Disappointment can come up in any meaningful relationship. Whether it’s a romantic relationship, a friendship, or a family relationship — every relationship comes with expectations. Valuing a relationship and having expectations for that relationship go hand in hand. The more the relationship means to us, the more the possibility of disappointment.


Disappointment in Yourself

Feeling disappointed in yourself can be so uncomfortable and can wreak havoc on our self-esteem. Sadness and shame tend to come up when we feel disappointment in ourselves. We all have many expectations we hold of ourselves: how we should act, feel, and think, what we should do with our time and energy, what abilities and traits we should have, and so on. Given all these expectations, it’s easy to see why feeling disappointment in yourself is a near-universal experience. However, understanding that we all have strengths as well as weaknesses is beneficial. No one will be good at everything just as no one struggles with everything.

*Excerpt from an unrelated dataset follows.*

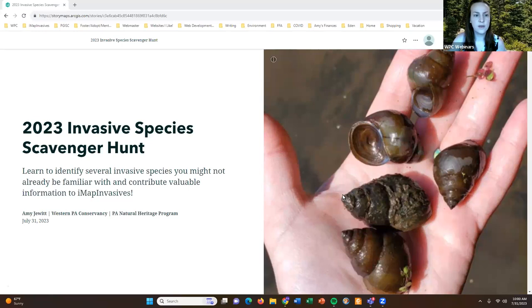Good morning everyone. We're right at 10 o'clock so I'm going to go ahead and get started with today's training. We're going to be talking about this year's invasive species scavenger hunt. Thank you all for being here and for your interest in participating in this event. My name is Amy Jewett and I am the Pennsylvania iMap Invasives Program Coordinator with the Western Pennsylvania Conservancy and the Pennsylvania Natural Heritage Program.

When People Disappoint You

Just like feeling disappointed in yourself, it’s inevitable to feel disappointed in others sometimes too. Other people have their own ideas, feelings, desires, and challenges, so there’s no way they will always meet the expectations we have of them. When you feel disappointed in someone else, it’s also common to feel frustrated or resentful, or even angry. Sometimes we equate how we are treated by someone else to where we are on an imaginary list that we have already created in our mind. We want to be first…we want to feel important…we want to feel that someone sees us for the competent person that we feel that we are, hoping that we receive the validation we so badly need. The truth is there is no list. People tend to think about themselves as being the first in line…they are the most important…and they are likely looking for their own validation they so badly need.


Whether you’re feeling disappointment in a relationship, in others, or in yourself, there are various healthy ways you can deal with this unpleasant emotion. Acknowledging disappointment, by naming and validating it, is a good place to start. Validation can also help you “ride the wave” of disappointment, which will pass with time. Getting support from others and distracting yourself with constructive activities are also helpful ways to tolerate feelings of disappointment while they persist. Making your expectations more flexible and realistic can also help lessen the discomfort of disappointment. Lastly, it’s healthy to remember and accept that disappointment is a part of life. We are not being singled out; we are human beings that are not perfect dealing with other human beings that are not perfect. Let's work together to respect each other, show grace, and realize that our experiences in life are sometimes not so different.